Collected data
——

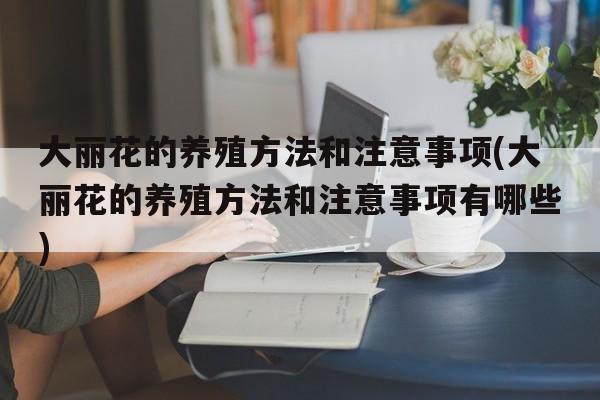 大丽花的养殖方法和注意事项(大丽花的养殖方法和注意事项有哪些)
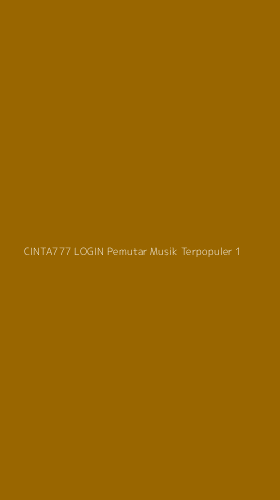 Tampilan Antarmuka Aplikasi Cinta777 Login Pemutar Musik Terpopuler - 1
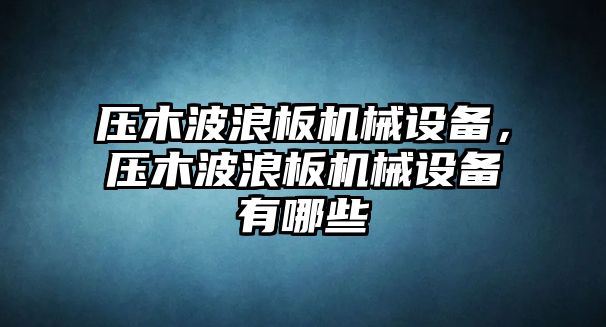 壓木波浪板機(jī)械設(shè)備，壓木波浪板機(jī)械設(shè)備有哪些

——

What to do
Would you output, word for word, only the lines running from the line with "Tampilan Antarmuka Aplikasi" to the end of the listing above, both ends included, with no pictures?

Exercise result
 Tampilan Antarmuka Aplikasi Cinta777 Login Pemutar Musik Terpopuler - 1
 壓木波浪板機(jī)械設(shè)備，壓木波浪板機(jī)械設(shè)備有哪些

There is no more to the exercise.